Es wird sich zeigen, dass jede Praxis (verstanden im doppelten Sinne von Handlungsakt und institutionalisierter Praxis) zwangsläufig auf mindestens einem Begriff beruht, um überhaupt als diese jeweilige Praxis von anderen Praxen abgegrenzt werden zu können. Hinter jeder Praxis steht mindestens ein Begriff, der stillschweigend akzeptiert wird und sich in ein entsprechendes System aus Begriffen einfügt. Demnach beinhaltet jede Praxis zwangsläufig ein begriffliches System, als dessen Manifestation sie verstanden werden kann.
Auf der Gegenseite erfordert eine Analyse des Verhältnisses von Theorie zur Praxis einen Rekurs auf die Frage „Was ist Philosophie?“, um davon ausgehend den Begriff der Theorie definieren zu können. Ausgehend von Deleuze und Guattaris Werk Was ist Philosophie? sowie einem Rückgriff auf Kant, Stanley Cavell und Heidegger lässt sich, wenn auch keine Antwort auf die erste Frage, zumindest eine hinreichende Bedingung für Philosophie finden: Bei einer Philosophie handelt es sich um ein begriffliches System, das das Verhältnis des Menschen zu sich und zur Welt explizieren soll.
Eine philosophische Theorie lässt sich folglich als ein begriffliches System definieren, in dessen Mittelpunkt der Mensch steht. Da sich der Mensch qua seines Mensch-Seins allerdings nur durch sein Handeln aktualisieren kann, ist jedes begriffliche System, in dessen Mittelpunkt der Mensch steht, als Erklärung oder Anweisung schlussendlich immer stillschweigend oder explizit auf menschliche Praxis ausgerichtet.
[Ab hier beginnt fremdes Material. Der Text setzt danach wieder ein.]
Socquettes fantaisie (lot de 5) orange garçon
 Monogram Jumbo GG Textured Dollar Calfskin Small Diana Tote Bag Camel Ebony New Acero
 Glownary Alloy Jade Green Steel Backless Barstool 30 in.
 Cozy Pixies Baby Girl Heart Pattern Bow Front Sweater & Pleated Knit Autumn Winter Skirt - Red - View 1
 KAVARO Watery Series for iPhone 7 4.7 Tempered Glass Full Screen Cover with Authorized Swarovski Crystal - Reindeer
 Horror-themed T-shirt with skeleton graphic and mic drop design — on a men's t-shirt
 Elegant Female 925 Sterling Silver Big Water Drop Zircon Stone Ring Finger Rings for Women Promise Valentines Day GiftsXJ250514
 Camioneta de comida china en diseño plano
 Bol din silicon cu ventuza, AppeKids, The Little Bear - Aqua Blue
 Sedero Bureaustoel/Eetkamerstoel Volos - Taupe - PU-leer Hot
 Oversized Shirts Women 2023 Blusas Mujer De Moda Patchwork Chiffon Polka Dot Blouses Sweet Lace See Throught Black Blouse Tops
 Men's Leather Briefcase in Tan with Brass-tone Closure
Praxisunabhängige Theoriebildung ist in der Philosophie also nicht möglich. Die Schaffung neuer Begriffe durch neue Theorien ermöglicht erst neue Handlungsweisen. Die „Interpretation“ der Welt schafft erst die Möglichkeit der Veränderung derselben – selbst wenn es auf letztere ankommen mag, wie Marx in seiner elften These über Feuerbach behauptet.
Aus diesem Argument folgt, dass zwischen Theorie und Praxis eine interne Beziehung besteht, die sich sogar als holographisch darstellt: In jeder Praxis ist eine entsprechende Theorie intrinsisch enthalten und stillschweigend akzeptiert, und in jeder Theorie ist stillschweigend oder explizit eine bestimmte Praxis impliziert und legitimiert.
Theorie und Praxis sind demnach eng miteinander verbunden; es kann keine Praxis ohne Theorie und keine Theorie ohne implizierte Praxis geben. Das Verhältnis von theoretischer und praktischer Philosophie als Disziplin ist folglich auch nur holistisch zu verstehen – die Arbeitsteilung in diese beiden Bereiche ist nicht organisch, sondern vielmehr eine Unterscheidung hinsichtlich des jeweiligen Fokus aus akademischen Umständen.